Miyakawa Hiroe, Miyamoto Toshinobu, Koh Eitetsu, Tsujimura Akira, Miyagawa Yasushi, Saijo Yasuaki, Namiki Mikio, Sengoku Kazuo
Department of Obstetrics and Gynecology, School of Medicine, Asahikawa Medical University, Asahikawa, Japan.
J Androl. 2012 May-Jun;33(3):483-7. doi: 10.2164/jandrol.110.012146. Epub 2011 Jun 2.
Genetic mechanisms have been implicated as a cause of some cases of male infertility. Recently, 10 novel genes involved in human spermatogenesis, including human SEPTIN12, were identified by expression microarray analysis of human testicular tissue. Septin12 is a member of the septin family of conserved cytoskeletal GTPases that form heteropolymeric filamentous structures in interphase cells. It is expressed specifically in the testis. Therefore, we hypothesized that mutation or polymorphisms of SEPTIN12 participate in male infertility, especially Sertoli cell-only syndrome (SCOS). To investigate whether SEPTIN12 gene defects are associated with azoospermia caused by SCOS, mutational analysis was performed in 100 Japanese patients by direct sequencing of coding regions. Statistical analysis was performed in patients with SCOS and in 140 healthy control men. No mutations were found in SEPTIN12 ; however, 8 coding single-nucleotide polymorphisms (SNP1-SNP8) could be detected in the patients with SCOS. The genotype and allele frequencies in SNP3, SNP4, and SNP6 were notably higher in the SCOS group than in the control group (P < .001). These results suggest that SEPTIN12 might play a critical role in human spermatogenesis.

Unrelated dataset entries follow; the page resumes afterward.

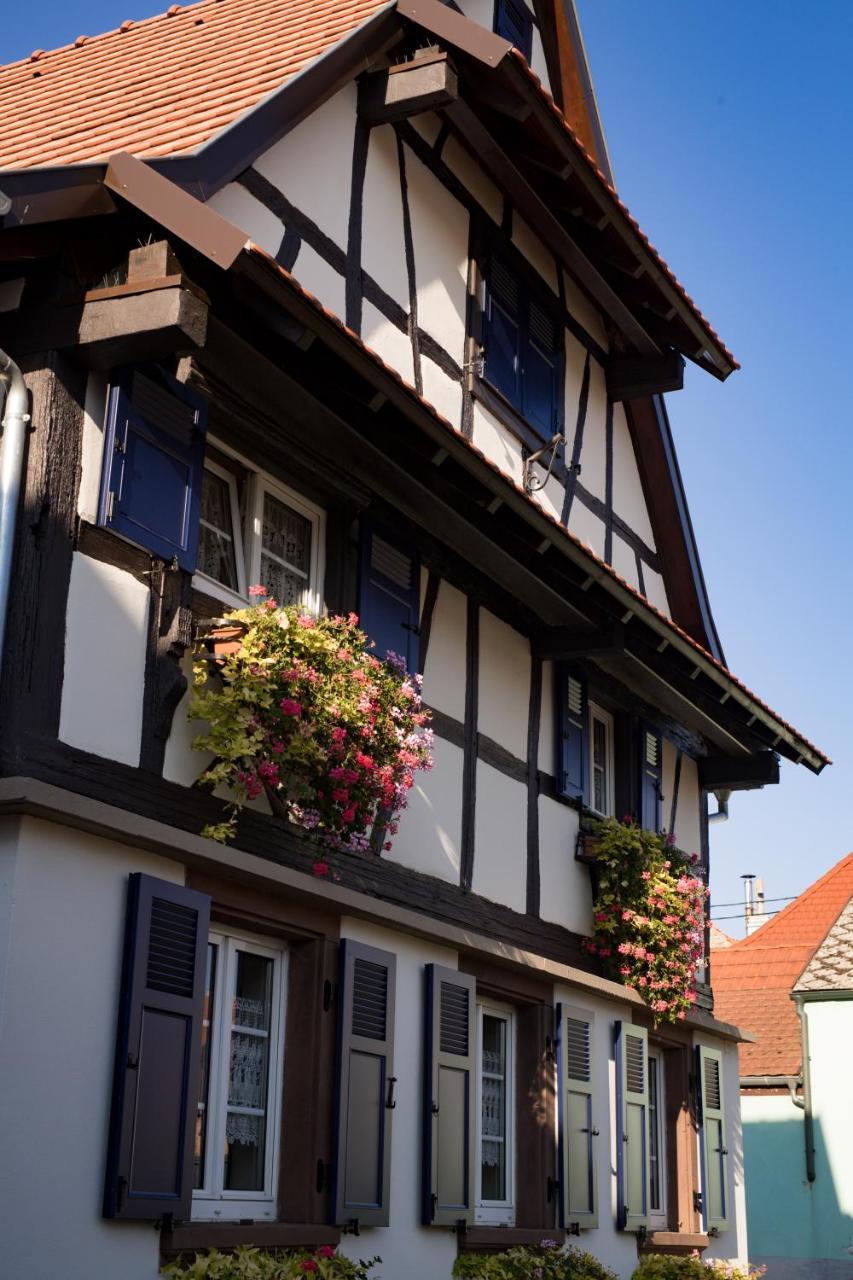 La Ferme De Louise Bed & Breakfast Hohengoeft Luaran gambar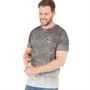 Kangaroo Poo Herre Ombre T-shirts Sort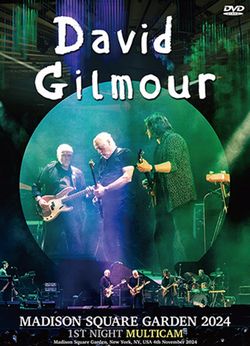 DAVID GILMOUR / MADISON SQUARE GARDEN 2024 1ST NIGHT MULTICAM (2DVDR)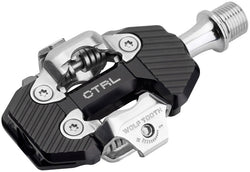 Wolf Tooth CTRL Trail Clipless Pedals - Dual Sided Clipless, Alloy, 9/16", Black, Pair, Shimano SPD MPN: CTRL-CLPS-BLK UPC: 810159401975 Pedals CTRL Trail Clipless Pedals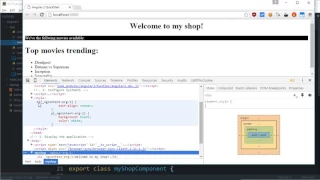 09 Angular 2 Tutorial 9 styles property YouTube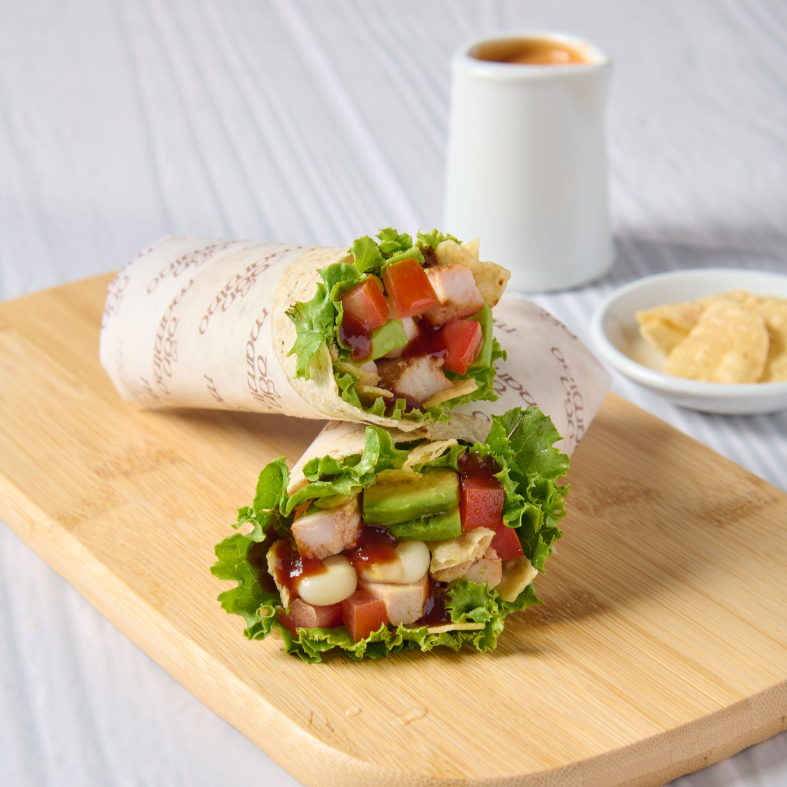 Wrap Pavo BBQ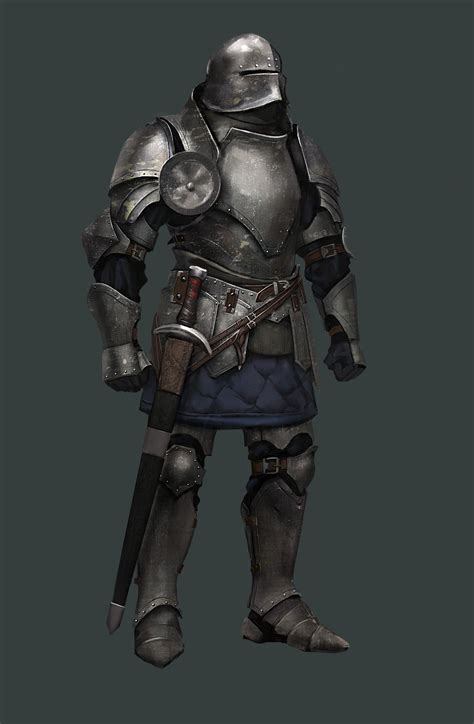 Artstation Knight Mikhail Palamarchuk Fantasy Armor Fantasy
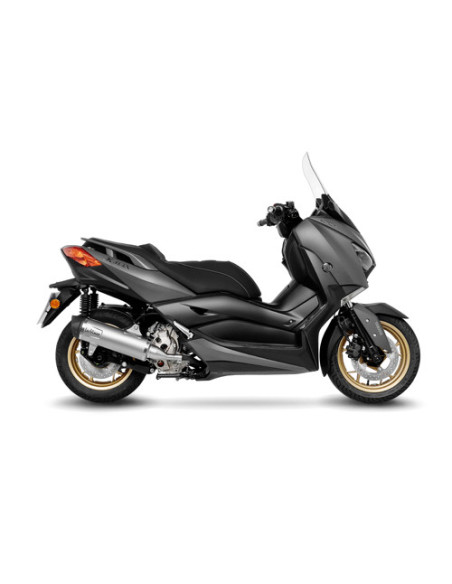 Silencieux LEOVINCE SBK LV ONE EVO inox - carbone - YAMAHA 300 X-MAX 300 / TECH MAX 2021 - 2024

遗传机制被认为是某些男性不育病例的病因。最近,通过对人类睾丸组织进行表达微阵列分析,鉴定出10个参与人类精子发生的新基因,包括人类SEPTIN12。Septin12是保守的细胞骨架GTP酶septin家族的成员,在间期细胞中形成异聚丝状结构。它在睾丸中特异性表达。因此,我们推测SEPTIN12的突变或多态性参与男性不育,尤其是唯支持细胞综合征(SCOS)。为了研究SEPTIN12基因缺陷是否与SCOS引起的无精子症有关,对100名日本患者的编码区进行直接测序,进行突变分析。对SCOS患者和140名健康对照男性进行了统计分析。在SEPTIN12中未发现突变;然而,在SCOS患者中可以检测到8个编码单核苷酸多态性(SNP1-SNP8)。SCOS组中SNP3、SNP4和SNP6的基因型和等位基因频率明显高于对照组(P < .001)。这些结果表明,SEPTIN12可能在人类精子发生中起关键作用。